→ **WHAT YOU WILL DO**: Reproduce the following entries verbatim, each one complete.

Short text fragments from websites
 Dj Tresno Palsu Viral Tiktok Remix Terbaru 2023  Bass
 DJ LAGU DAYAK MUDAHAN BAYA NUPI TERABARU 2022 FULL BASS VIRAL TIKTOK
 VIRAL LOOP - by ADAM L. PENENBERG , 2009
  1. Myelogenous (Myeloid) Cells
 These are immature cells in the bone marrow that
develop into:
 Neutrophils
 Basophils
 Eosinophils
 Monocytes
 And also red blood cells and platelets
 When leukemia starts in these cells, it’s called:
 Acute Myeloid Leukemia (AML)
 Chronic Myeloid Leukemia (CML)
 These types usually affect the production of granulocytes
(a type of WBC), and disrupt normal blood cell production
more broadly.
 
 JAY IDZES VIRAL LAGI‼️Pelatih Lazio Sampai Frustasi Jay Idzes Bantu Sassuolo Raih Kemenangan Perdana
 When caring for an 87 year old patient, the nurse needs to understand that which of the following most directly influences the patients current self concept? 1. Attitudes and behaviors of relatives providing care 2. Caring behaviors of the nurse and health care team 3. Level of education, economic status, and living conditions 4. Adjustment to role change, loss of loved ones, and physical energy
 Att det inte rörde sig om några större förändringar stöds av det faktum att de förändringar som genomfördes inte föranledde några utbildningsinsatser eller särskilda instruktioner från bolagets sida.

→ **ANSWER SPACE**:
 Dj Tresno Palsu Viral Tiktok Remix Terbaru 2023  Bass
 DJ LAGU DAYAK MUDAHAN BAYA NUPI TERABARU 2022 FULL BASS VIRAL TIKTOK
 VIRAL LOOP - by ADAM L. PENENBERG , 2009
  1. Myelogenous (Myeloid) Cells
 These are immature cells in the bone marrow that
develop into:
 Neutrophils
 Basophils
 Eosinophils
 Monocytes
 And also red blood cells and platelets
 When leukemia starts in these cells, it’s called:
 Acute Myeloid Leukemia (AML)
 Chronic Myeloid Leukemia (CML)
 These types usually affect the production of granulocytes
(a type of WBC), and disrupt normal blood cell production
more broadly.
 
 JAY IDZES VIRAL LAGI‼️Pelatih Lazio Sampai Frustasi Jay Idzes Bantu Sassuolo Raih Kemenangan Perdana
 When caring for an 87 year old patient, the nurse needs to understand that which of the following most directly influences the patients current self concept? 1. Attitudes and behaviors of relatives providing care 2. Caring behaviors of the nurse and health care team 3. Level of education, economic status, and living conditions 4. Adjustment to role change, loss of loved ones, and physical energy
 Att det inte rörde sig om några större förändringar stöds av det faktum att de förändringar som genomfördes inte föranledde några utbildningsinsatser eller särskilda instruktioner från bolagets sida.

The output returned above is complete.